**THE DATA**
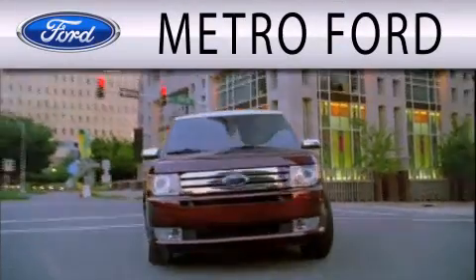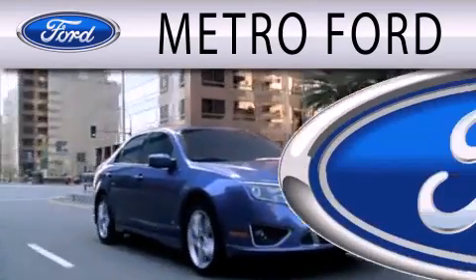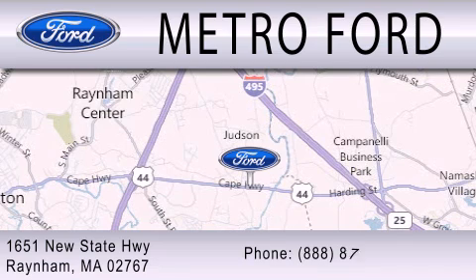Metro Ford is dedicated to doing everything possible to ensure that the experience you have selecting your next vehicle is as pleasant as possible. We are located at 1651 New State Highway in Rainham.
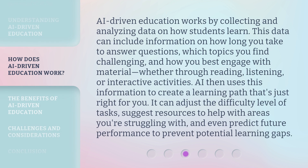AI-Driven Education works by collecting and analyzing data on how students learn. This data can include information on how long you take to answer questions, which topics you find challenging, and how you best engage with material — whether through reading, listening, or interactive activities. AI then uses this information to create a learning path that's just right for you. It can adjust the difficulty level of tasks, suggest resources to help with areas you're struggling with, and even predict future performance to prevent potential learning gaps.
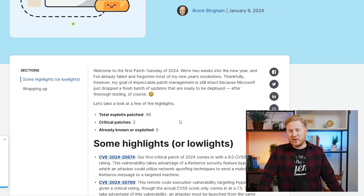Total exploits this month: we've got 49, with two of those critical. Luckily, we don't have any known that are already exploited and out in the wild.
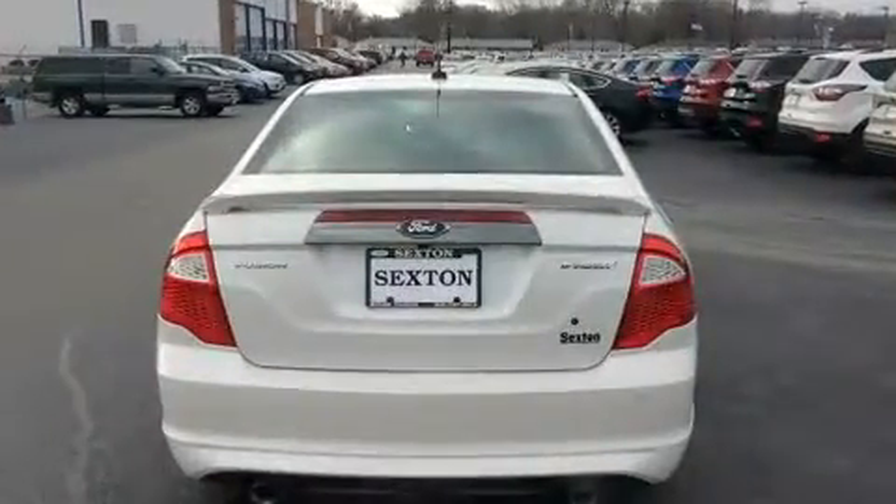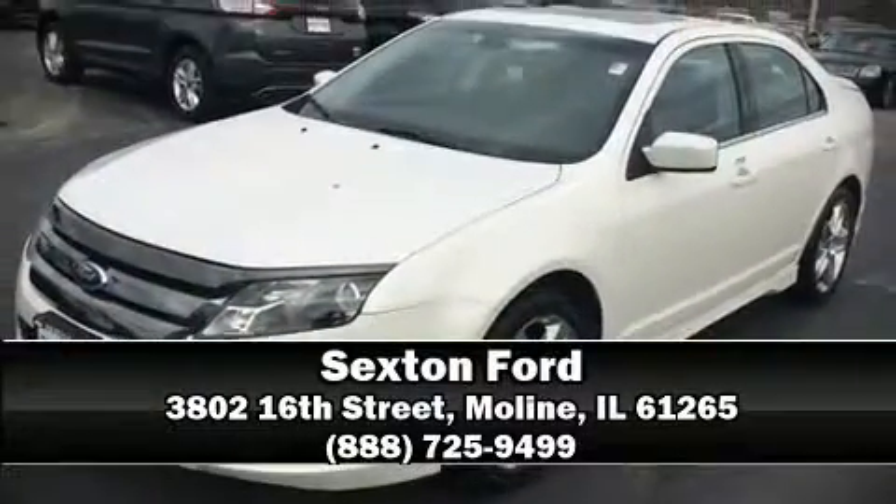Our experienced sales staff is eager to share its knowledge and enthusiasm with you. Stop by our dealership or give us a call for more information.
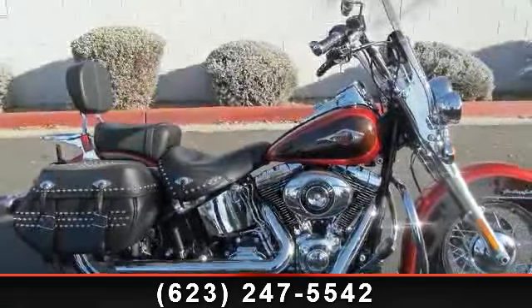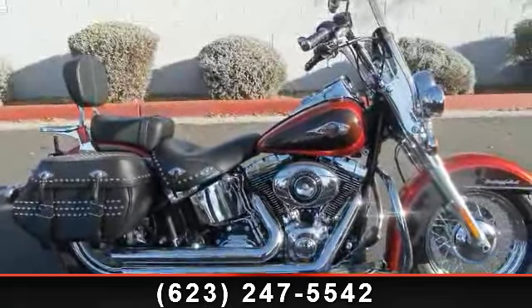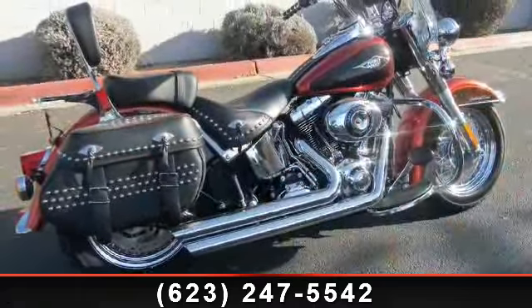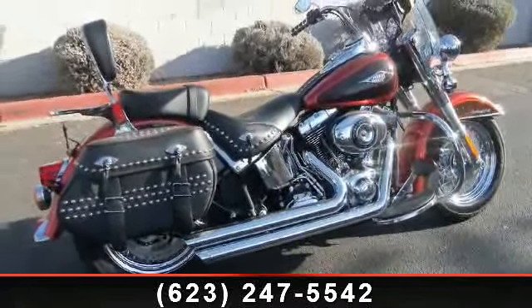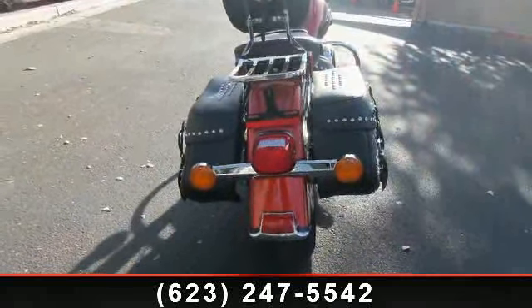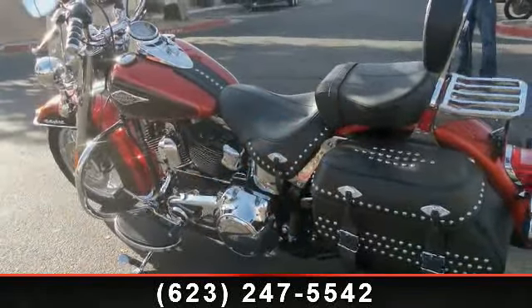Presenting the 2013 Harley-Davidson Softail. This is the motorcycle you've been looking for. Low mileage is an important factor in your purchase, and this vehicle delivers a low odometer reading. A test ride is waiting for you. Call now to schedule an appointment at our dealership.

**TASK STATEMENT**
Print again, exactly, the lines of the records above from the first line through the line with "Our experienced sales". No pictures.

**ANSWER BELOW**
Metro Ford is dedicated to doing everything possible to ensure that the experience you have selecting your next vehicle is as pleasant as possible. We are located at 1651 New State Highway in Rainham.
AI-Driven Education works by collecting and analyzing data on how students learn. This data can include information on how long you take to answer questions, which topics you find challenging, and how you best engage with material — whether through reading, listening, or interactive activities. AI then uses this information to create a learning path that's just right for you. It can adjust the difficulty level of tasks, suggest resources to help with areas you're struggling with, and even predict future performance to prevent potential learning gaps.
Total exploits this month: we've got 49, with two of those critical. Luckily, we don't have any known that are already exploited and out in the wild.
Our experienced sales staff is eager to share its knowledge and enthusiasm with you. Stop by our dealership or give us a call for more information.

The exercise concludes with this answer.